To Protect the Heart from Chemotherapy, Researcher Looks to Genes

The widely used chemotherapy drug doxorubicin helps patients by deftly killing cancer cells, but it has also been shown to damage heart cells and lead to heart disease. Medical College of Wisconsin (MCW) Assistant Professor Chun Liu, PhD, has set out to find what makes some heart cells vulnerable and how to protect them from this toxicity.

As a postdoctoral researcher at Stanford University, he used stem cells and genetic screening tools to discover something unexpected: the heart cells that survived doxorubicin’s toxic effects were missing a specific gene.

Now in MCW’s Department of Physiology and Cancer Center, Dr. Liu is taking that research further, studying how the absence of this gene protects heart cells, with the goal of better understanding heart disease and developing targeted treatments.

“More and more patients are surviving cancer for longer periods of time, but they have a really high risk of heart disease because of this toxicity of chemo drugs,” Dr. Liu says. “It’s not only chemotherapy; many drugs fail at the clinical trial stage because they cause heart toxicity.”

Understanding Cells as the Basis for Disease

In his lab, Dr. Liu uses induced pluripotent stem cells – adult cells reprogrammed to behave like embryonic stem cells – to grow heart muscle cells called cardiomyocytes. These lab-grown cells allow him to study how the heart responds to different therapies and why drugs like doxorubicin can cause lasting damage.

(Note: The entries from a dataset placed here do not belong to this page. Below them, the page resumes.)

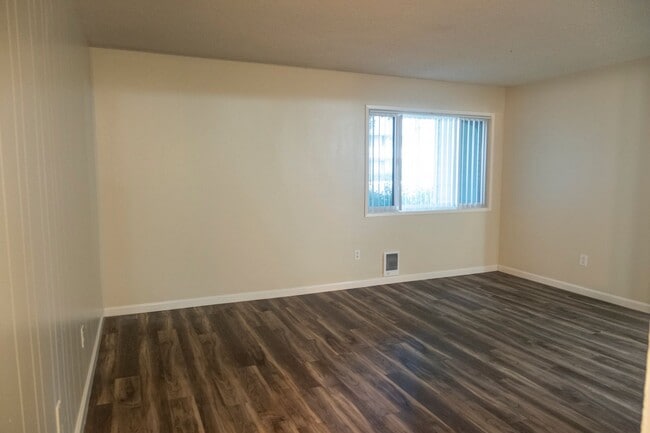 Building Photo - Spacious 2 Bedroom in Beloved Irvington Neighborhood!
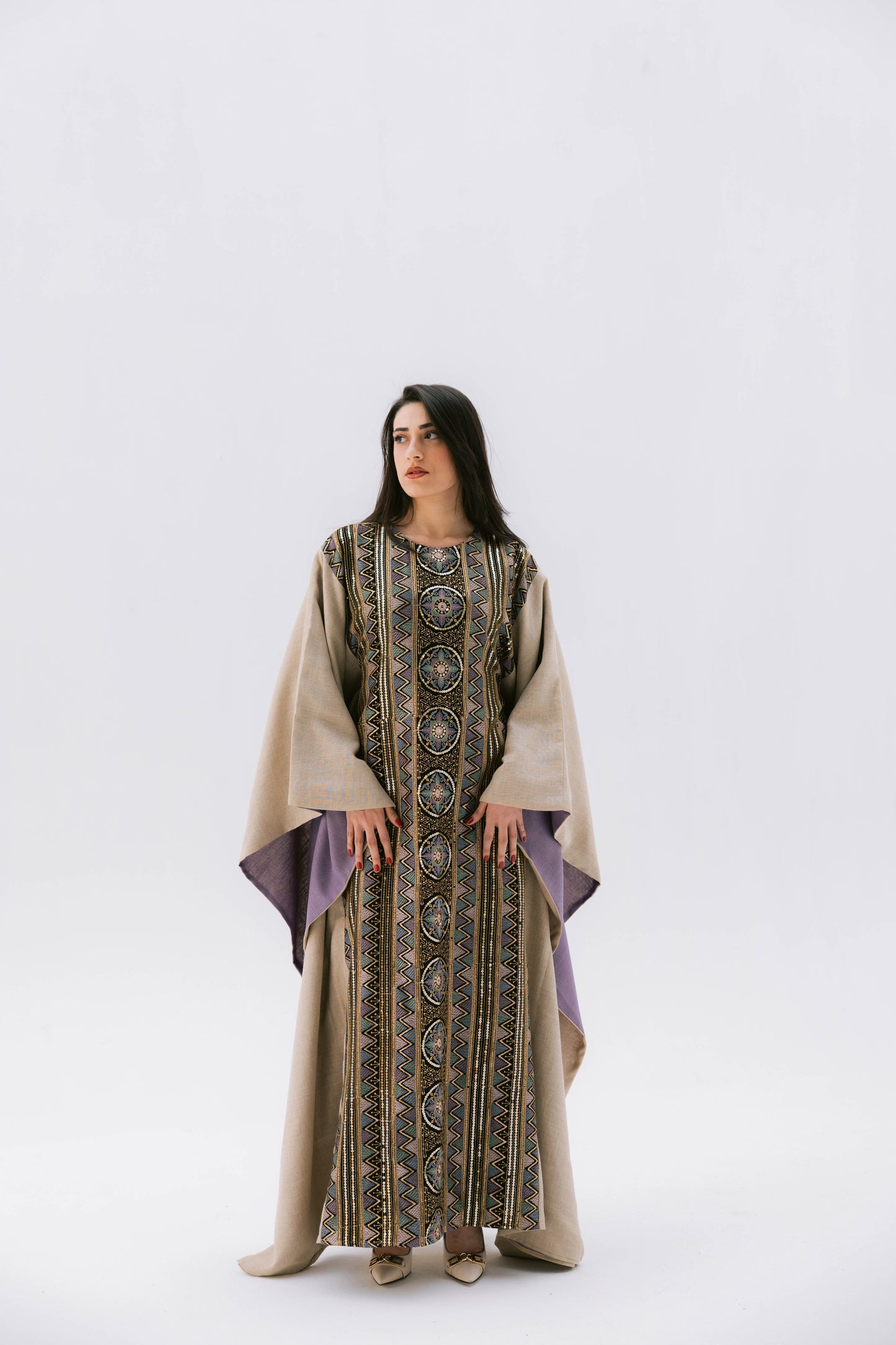 دليلي احتار Abaya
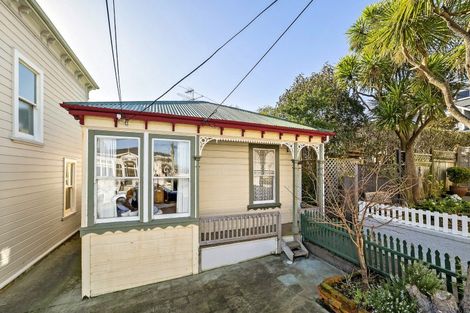 Photo of property in 15 Caroline Street, Mount Victoria, Wellington, 6011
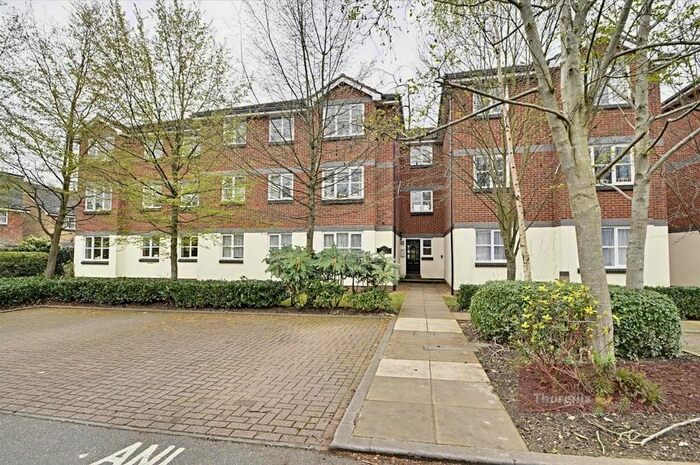 2 Bedroom Flat To Rent In Malting Way, Isleworth, TW7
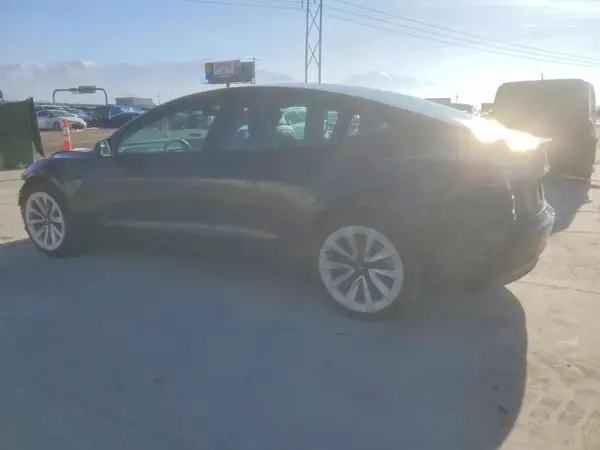 5YJ3E1EA7NF369985 2022 TESLA MODEL 3 - Image 2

He also uses CRISPR technology, a tool that screens thousands of genes at a time to help researchers understand which genes are critical to diseases or drug response. That’s how Dr. Liu found that the healthiest heart cells after chemotherapy lacked a gene called CA12. That knowledge provided a potential target for pre-chemotherapy interventions.

“If we repress this gene, perhaps we can protect the cardiomyocytes and prevent heart damage,” he says.

With a new R01 grant from the National Institutes of Health, Dr. Liu and his lab will investigate CA12 and the mechanism further. Initial findings suggest that doxorubicin modifies the epigenome of cardiomyocytes, which causes cardiac dysfunction.

“If we can understand this mechanism, then we can see if we can use this gene as a biomarker for potential disease or even rescue these genes to protect patients from heart disease,” Dr. Liu says.

A Multifaceted Approach to Heart Disease

Dr. Liu’s research is part of MCW’s Cardiovascular Research Center. In addition to his work on chemotherapy toxicity, he is also using stem cells to study genetic heart diseases, including dilated cardiomyopathy. His lab also creates 3D cardiac organoids – miniature, simplified versions of the heart made from real heart muscle cells – which allow the team to study how therapies affect the heart at the organ level.

Still, his focus lies mostly on the function of cells themselves.

“We are all built by cells,” he says. “That’s why I’m interested in cell biology. It allows us to detect diseases at their earliest stages, because every disease originates from changes that occur within cells.”

Fully understanding the complex networks within cells remains too difficult for humans to do alone, but Dr. Liu believes that in the coming years artificial intelligence will help scientists understand how environments and stress or genetic changes affect cells. This could have wide-ranging implications.

“If we can understand how it all works, we could potentially cure every disease,” he says.